Thank you for your time!

simonvh commented 1 year ago

It is possible, but not yet completely out-of-the-box. @JGASmits, @Arts-of-coding and/or @siebrenf may be able to help out?

Arts-of-coding commented 1 year ago

Hi @PauBadiaM, We are currently in the process of implementing single-cell (multiomics) data into ANANSE. For Python this is already available: https://github.com/Arts-of-coding/AnanseScanpy. I have a vignette specifying how you can go from two separate scanpy objects: one containing expression data from scRNA-seq and one containing a cell-by-peak matrix from scATAC-seq into output data for ANANSNAKE (https://github.com/vanheeringen-lab/anansnake). ANANSNAKE is an automated pipeline that runs ANANSE, for instance based on the output files from AnanseScanpy of AnanseSeurat (https://github.com/JGASmits/AnanseSeurat).

If you want to only use the Python to generate the cell-by-peak matrix in scATAC-seq (required for AnanseScanpy), I recommend using the "pp.make_peak_matrix" function from snapatac2 (https://pypi.org/project/snapatac2/).

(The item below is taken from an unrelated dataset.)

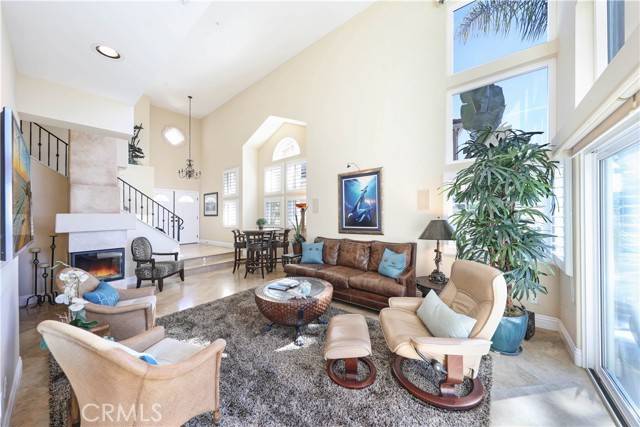 San Clemente, CA 92672,906 Via Presa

If you are in no rush, there will be an extended manual about this available soon, which will be mentioned on the pages of AnanseScanpy and AnanseSeurat when it is available.

If "MuData" will replace the currently extensively used "anndata" for single-cell objects in Python, it is likely to be implemented at a later stage.

I hope to have informed you sufficiently!

PauBadiaM commented 1 year ago

Hi @simonvh and @Arts-of-coding ,

Thanks for the replies! It is really nice that it can be used using AnnData. I proposed MuData because its the extension of AnnData to multiple omics in the same object (with nice behaviors like propagating filtering changes across omics), but in the end is a dictionary of AnnDatas objects which could be passed to Anansescanpy without a problem. Just a minor comment, why is this being implemented as a separate package? Shouldn't it be utility functions of ANANSE? In any case, it would be good that once finished you would point users to the Anansescanpy or AnanseSeurat vignettes in the main ANANSE documentation.

I'm in no rush for now, I'll wait ;)